Sochan spędził na parkiecie 30 minut, w trakcie których zapisał 17 punktów (wyrównał rekord kariery w NCAA) oraz 6 zbiórek. Trafił bardzo dobre 6 z 9 rzutów z gry oraz 5 z 5 z linii rzutów wolnych. Zmagający się z problemami kadrowymi i grający w szóstkę Baylor wygrali trzy z ostatnich pięciu spotkań. Ostatnio Sam Vecenie sklasyfikował skrzydłowego Baylor na 19. miejscu tegorocznego draftu. Ten wybór przypadałby San Antonio Spurs. Organizacja słynie z żelaznej defensywy i prawdopodobnie po ewentualnym odejściu Gregga Popovicha, drużyna także stawiałaby na grę w obronie. Właśnie dlatego Sochan mógłby być dla nich „strzałem w dziesiątkę”.
- Jeremy jest jednym z najtrudniejszych do ocenienia koszykarzy. Niektórzy skauci bardzo lubią jego umiejetność tworzenia pozycji i uważają, że ma możliwość przeniesienia tego na parkiety NBA - pisze o polskim koszykarzu dziennikarz The Athletic.
Jeremy pojawia się w ścisłym topie wielu mock draftów. Dlatego też istnieje spora szansa, że zostałby wybrany do NBA już w tym roku. Wciąż jednak nie wiemy czy Polak zgłosi się do draftu. Niewykluczone, że zdecyduje się jeszcze na kolejny sezon w NCAA, by za rok trafić do najlepszej koszykarskiej ligi świata z wyższym numerem. To (czysto teoretycznie) powinno zagwarantować mu więcej minut. Z drugiej strony - wszystko wskazuje, że w kluczowych meczach sezonu jego rola będzie nie będzie maleć, więc dobre występy w walce o mistrzostwo NCAA mogą mu zagwarantować grę w NBA jeszcze w tym roku.
- Jeremy Sochan z Baylor nie jest tak bardzo rozchwytywany jak jego kolega z drużyny, Kendall Brown. Jest jednak równie imponującym prospektem, mimo, że głównie gra z ławki. Hawks przydałaby się pomoc w defensywie. Polak jest także chętnym strzelcem, który nie miał problemów z trafieniem swoich rzutów z dystansu, co czyni go dynamicznym prospektem - pisze USA Today.

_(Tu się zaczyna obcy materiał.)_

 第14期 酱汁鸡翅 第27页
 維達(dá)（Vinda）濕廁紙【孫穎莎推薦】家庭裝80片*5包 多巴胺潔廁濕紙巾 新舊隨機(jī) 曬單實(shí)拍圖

Przed Sochanem jeszcze jednak sporo pracy, ale zdecydowanie mamy wiele powodów do zadowolenia. Baylor z bilansem 22 zwycięstw i 5 przegranych są ścisłym topie NCAA, a Jeremy zapisuje na swoim koncie średnio 8,1 punktu, 6,2 zbiórki oraz 1,3 przechwytu. Trafia bardzo dobre 50% z gry, jednak sporo do życzenia pozostawia jego skuteczność z linii rzutów wolnych. Właśnie nad tym elementem Sochan musi teraz sporo popracować, bowiem zdaniem trenerów - skuteczność z linii rzutów wolnych obrazuje ogólny potencjał strzelecki.